Stored data:
= Beginning of Section =

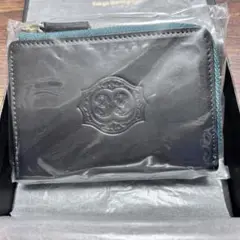 ディズニー club33限定 コインケース(パスケース) 黒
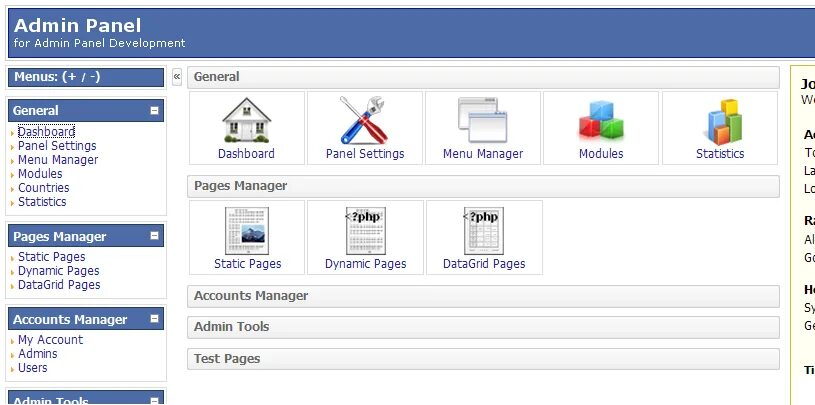 Php panel. Admin panel. php admin panel. manage pages. adminpanel by murodjon officialphp photo.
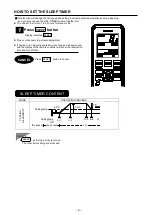 Предварительный просмотр 10 страницы Hitachi RA-08HV Operation Manual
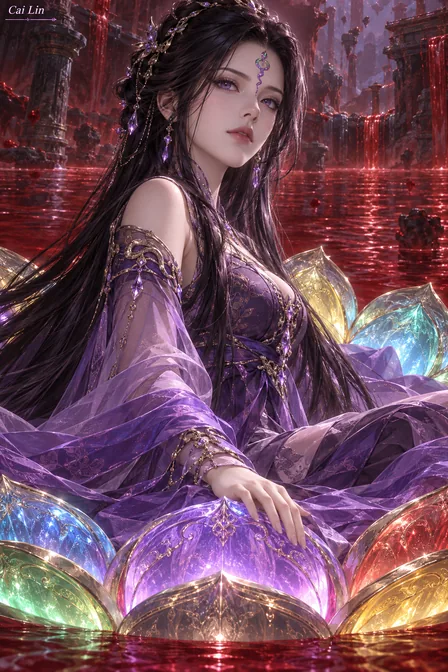 Cai Lin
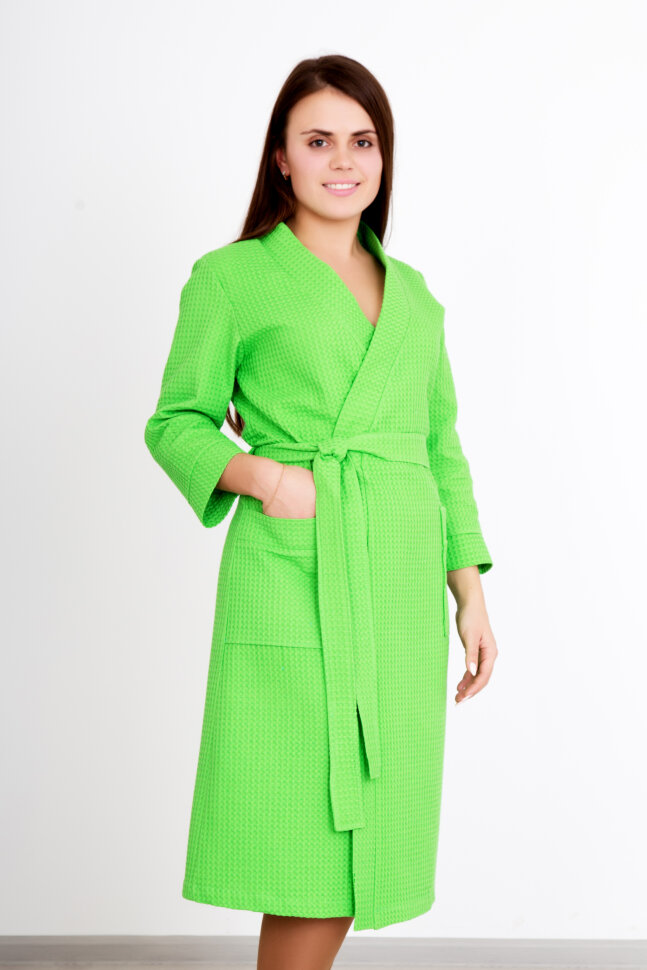 Халат женский Банный 2660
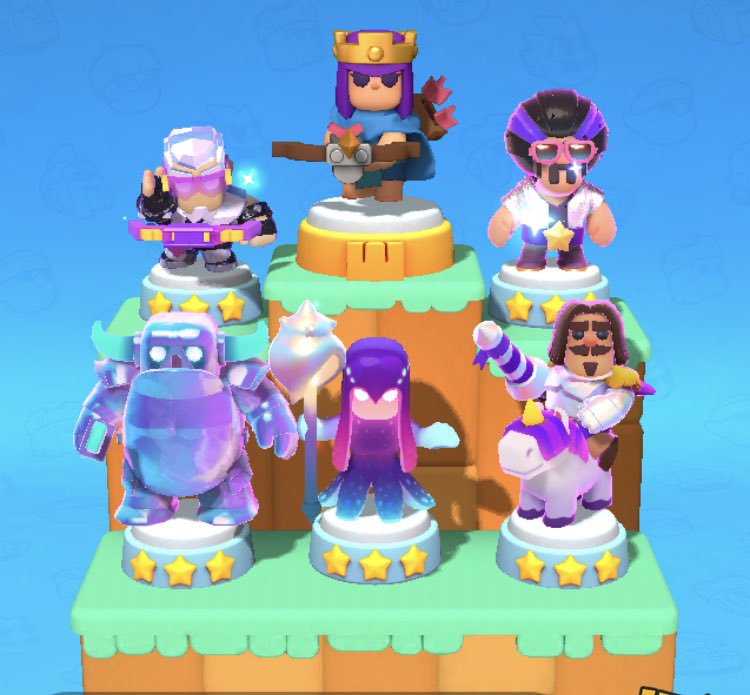 RT if you have the crystal deck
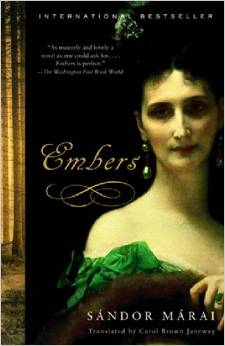 Embers Book Cover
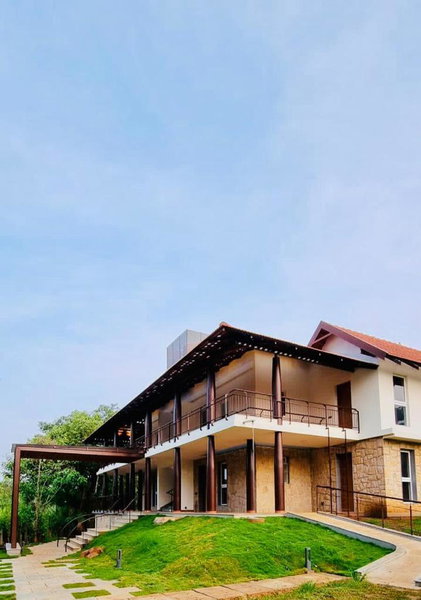 7 Heaven Villas & Resorts, Chikmagalūr, India
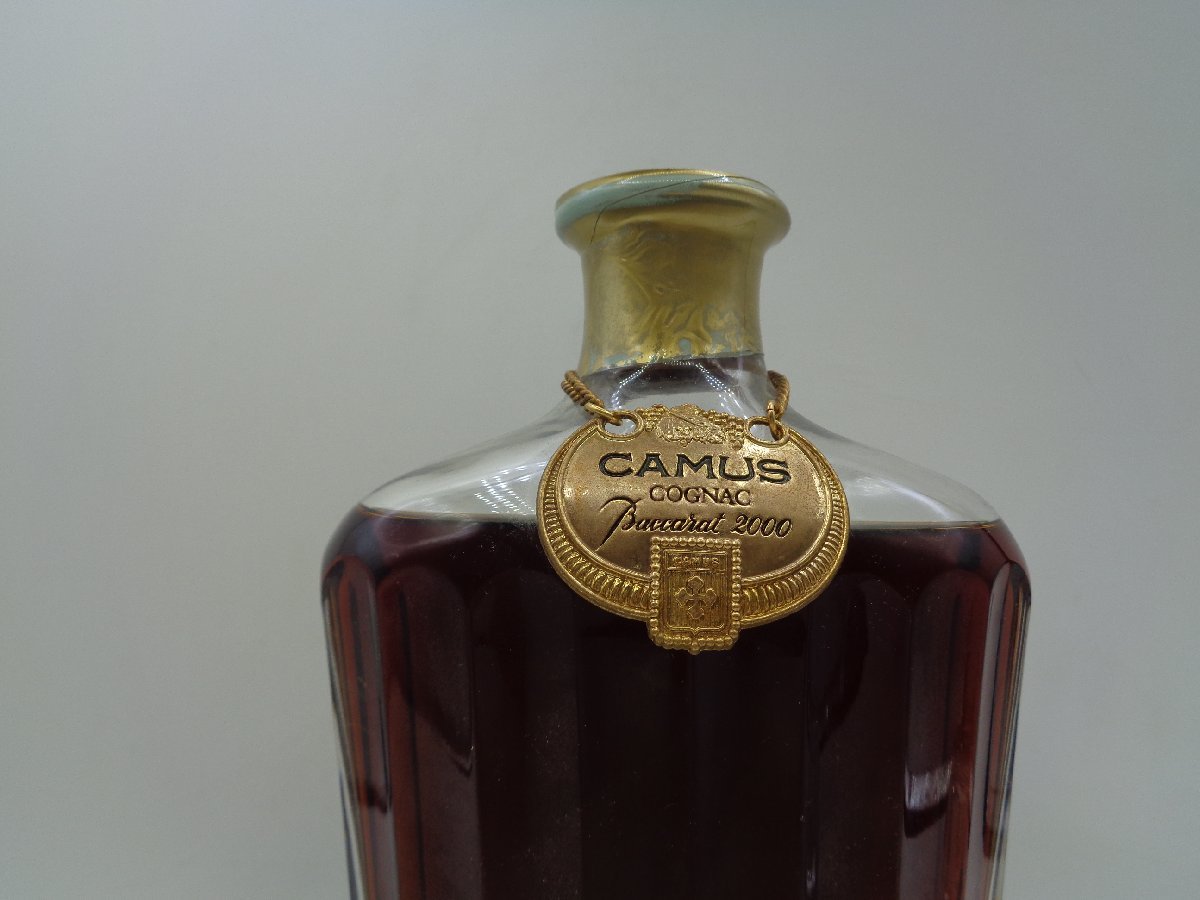 同梱OK商品】CAMUS BACCARAT 2000 カミュ バカラ クリスタル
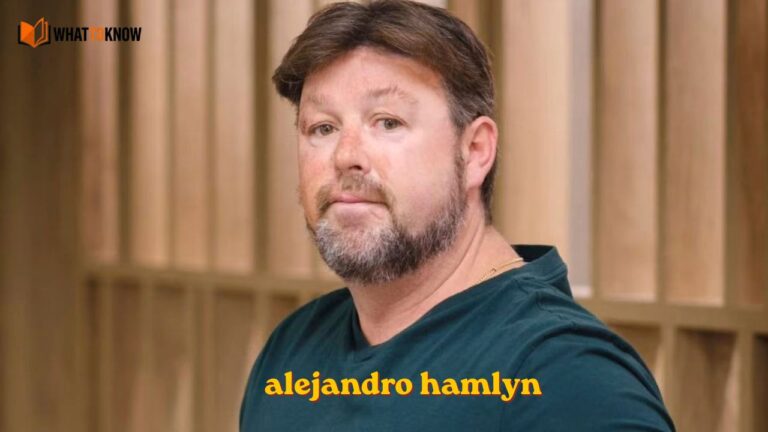 alejandro hamlyn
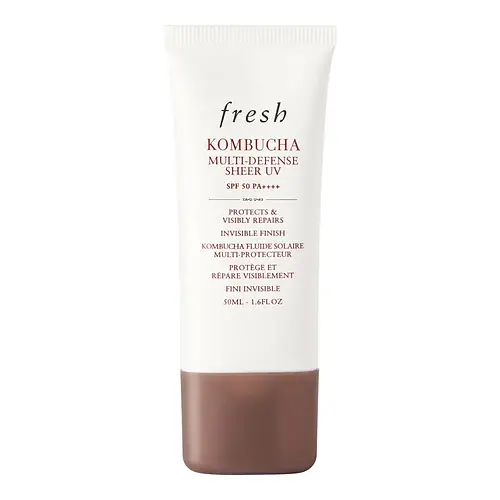 Fresh Kombucha Multi-Defense Sheer UV SPF 50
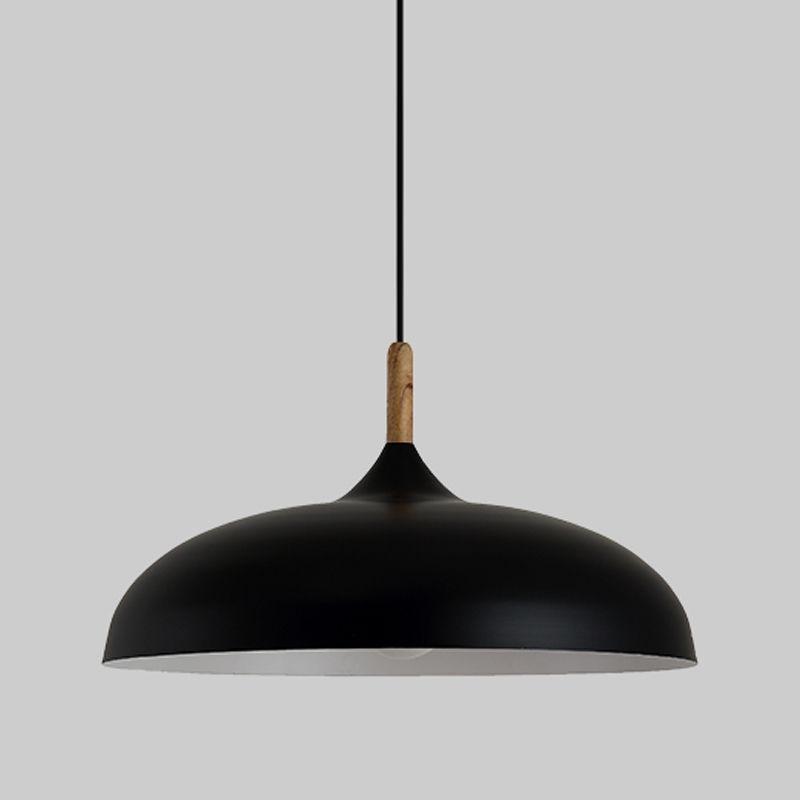 Aria  Modern Pendant Light Dome Macaron  Dining Room | ventumra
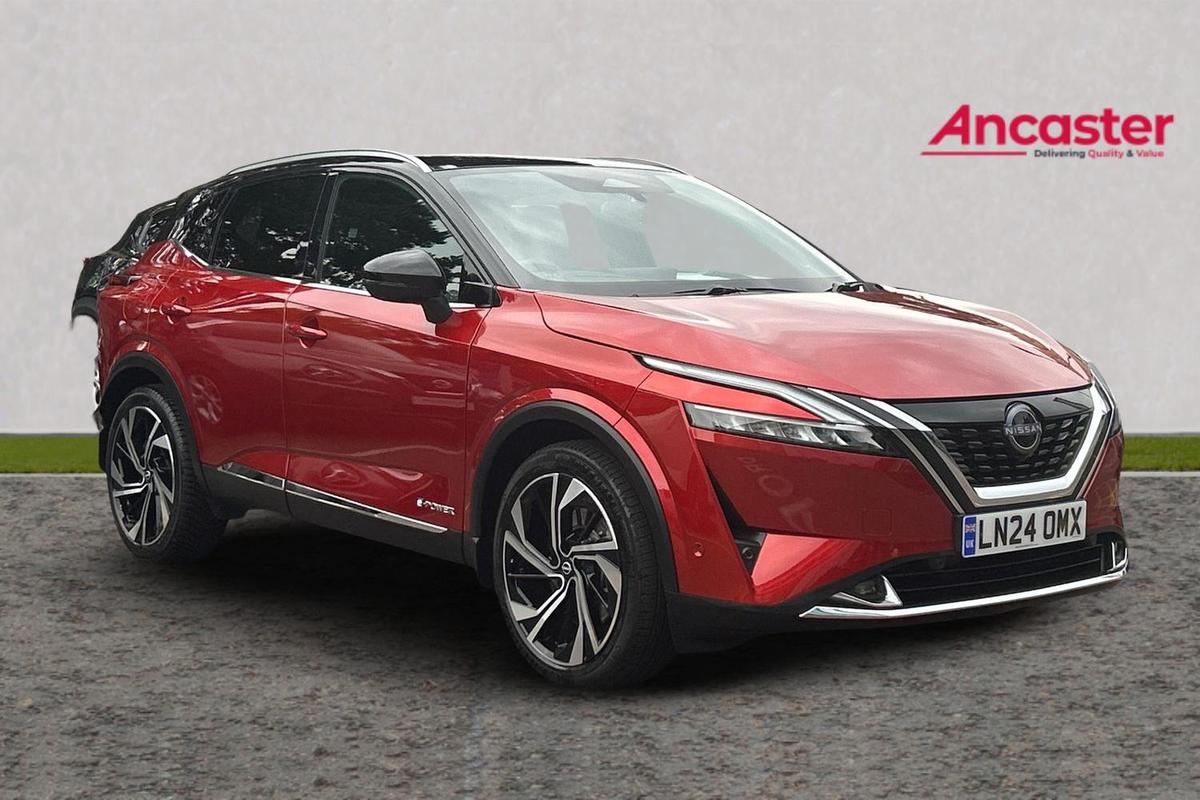Main listing image - Nissan Qashqai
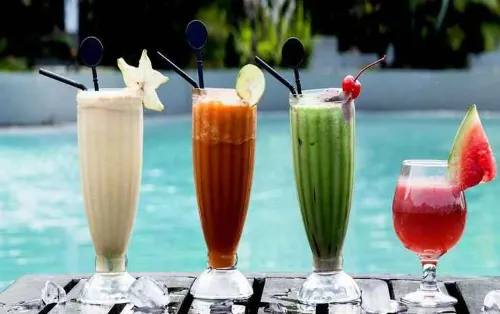 Grand Whiz Hotel Trawas Mojokerto Relaksasi & Rekreasi Photos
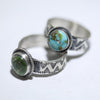 Sonoran gold Ring by Bo Reeves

= End of Section =

**TO DO**
What is needed is an exact copy of every entry, with the pictures removed.

**RESULT OF THE TASK**
 ディズニー club33限定 コインケース(パスケース) 黒
 Php panel. Admin panel. php admin panel. manage pages. adminpanel by murodjon officialphp photo.
 Предварительный просмотр 10 страницы Hitachi RA-08HV Operation Manual
 Cai Lin
 Халат женский Банный 2660
 RT if you have the crystal deck
 Embers Book Cover
 7 Heaven Villas & Resorts, Chikmagalūr, India
 同梱OK商品】CAMUS BACCARAT 2000 カミュ バカラ クリスタル
 alejandro hamlyn
 Fresh Kombucha Multi-Defense Sheer UV SPF 50
 Aria  Modern Pendant Light Dome Macaron  Dining Room | ventumra
Main listing image - Nissan Qashqai
 Grand Whiz Hotel Trawas Mojokerto Relaksasi & Rekreasi Photos
 Sonoran gold Ring by Bo Reeves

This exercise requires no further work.